Sector Report from Bank Austria Economics:
Tourism in Austria enjoys record demand but revenue is weak
- 2012 saw a return to pre-crisis levels, with a nominal 2.4 per cent increase taking total revenue to EUR 22.3 billion
- Despite steady demand, the overall picture for tourism in 2013 is gloomier, as revenue is not increasing; adjustments for price changes are even expected to bring a slight fall
- The sector is expected to grow more strongly during 2014
- More visitors staying for shorter periods and spending less money are squeezing the margins of accommodation providers
Although tourism in Austria welcomed record visitor numbers in 2012, the results posted for the financial year were poor. As the latest Sector Report from Bank Austria’s economists reveals, revenue for the sector was up 2.4 per cent in nominal terms, although this was cut to a mere 0.2 per cent in real terms. Analysing the situation, Bank Austria economist Günter Wolf said: "Although total revenue of EUR 22.3 billion for 2012 may have helped tourism make up for the massive downturn of 2009 in nominal terms, the sector remains financially fraught.
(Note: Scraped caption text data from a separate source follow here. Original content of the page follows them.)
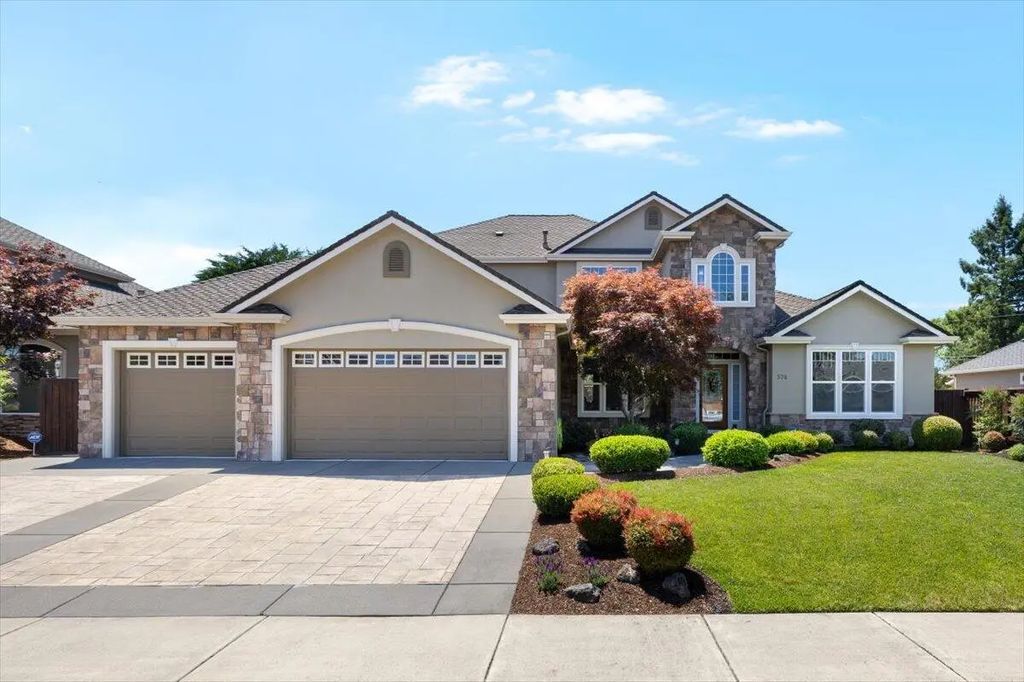 574 Grey Hawk Way, Central Point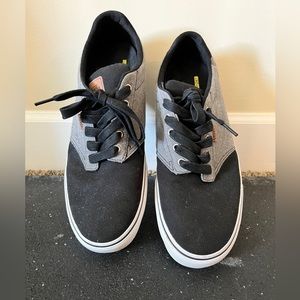 Men’s Vans black/grey sneakers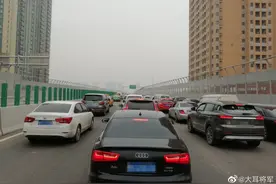 西安昆明路高架桥修好后反而更堵了？图片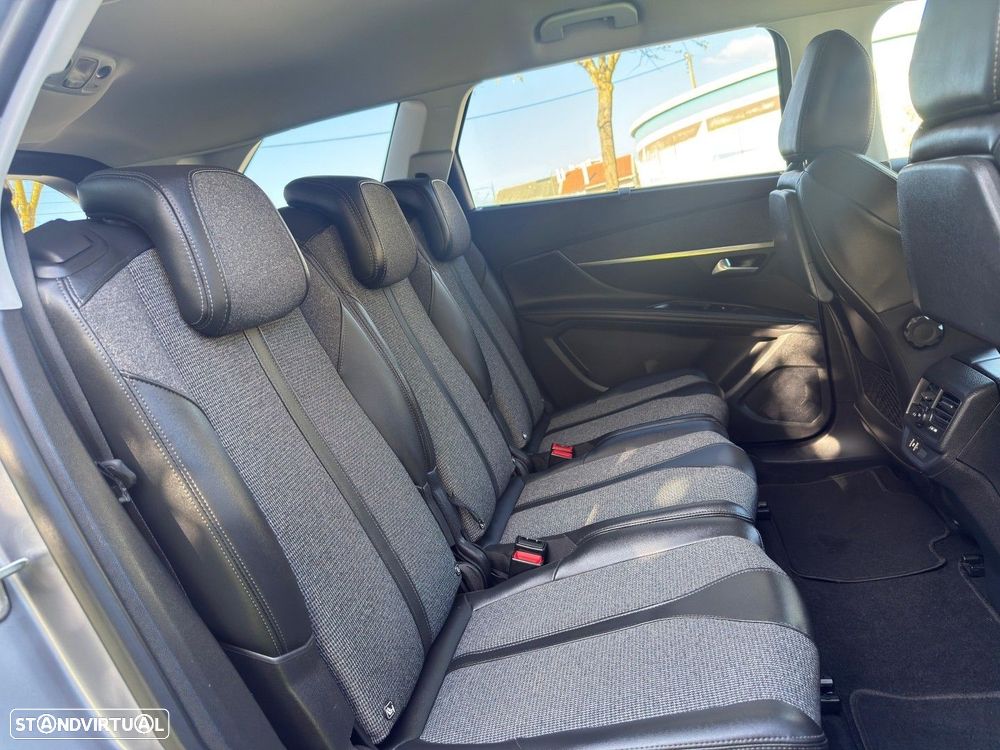 Peugeot 5008 1.5 BlueHDi Allure Pack EAT8 - 16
The sharp rise in visitor numbers during the last three years has failed to translate into increased revenue for the sector after adjusting for price changes, which has ultimately hit its profits."
Sharper increases in revenue not expected until 2014
The picture for tourism will ultimately be bleaker in 2013. Although the sector is likely to see visitor numbers remain steady for the year as a whole, growth in revenue will be marginal at best – and will even turn into a slight fall in real terms. Austrian tourism will have to wait until 2014 before it can report any more substantial increases in revenue again as incomes rise and people in the key target markets show a greater appetite for travel. For the moment, the persistently weak economic trend is checking growth of the tourism industry. Although winter 2012/13 proved to be another season of record demand, tourism-based businesses did not really feel the benefit at their tills. The 2 per cent rise in overnight stays during the winter only translated into revenue growth of just under 2 per cent in nominal terms. The relatively steep rise in prices even meant that revenue fell by half of one per cent after adjusting for price changes. During the current summer season, both overnight stays and nominal revenue have decreased slightly so far.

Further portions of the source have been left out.